#### WHAT IS BEING ASKED:
The line containing "Stylish office with" marks the end: write out exactly every line from the first line of the data below through that line, and only those.

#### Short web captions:
►

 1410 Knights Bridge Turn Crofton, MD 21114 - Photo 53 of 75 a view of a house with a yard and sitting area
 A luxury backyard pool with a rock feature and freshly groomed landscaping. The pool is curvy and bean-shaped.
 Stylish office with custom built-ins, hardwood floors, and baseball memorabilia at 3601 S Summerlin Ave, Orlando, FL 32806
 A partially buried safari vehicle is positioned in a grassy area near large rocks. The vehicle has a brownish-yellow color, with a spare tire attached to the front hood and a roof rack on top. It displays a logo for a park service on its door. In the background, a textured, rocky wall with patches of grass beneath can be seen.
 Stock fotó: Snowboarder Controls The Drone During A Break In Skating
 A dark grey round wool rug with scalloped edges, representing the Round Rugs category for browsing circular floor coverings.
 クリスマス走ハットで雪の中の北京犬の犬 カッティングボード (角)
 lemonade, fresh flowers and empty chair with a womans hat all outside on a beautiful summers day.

◄

#### RESPONSE AREA:
 1410 Knights Bridge Turn Crofton, MD 21114 - Photo 53 of 75 a view of a house with a yard and sitting area
 A luxury backyard pool with a rock feature and freshly groomed landscaping. The pool is curvy and bean-shaped.
 Stylish office with custom built-ins, hardwood floors, and baseball memorabilia at 3601 S Summerlin Ave, Orlando, FL 32806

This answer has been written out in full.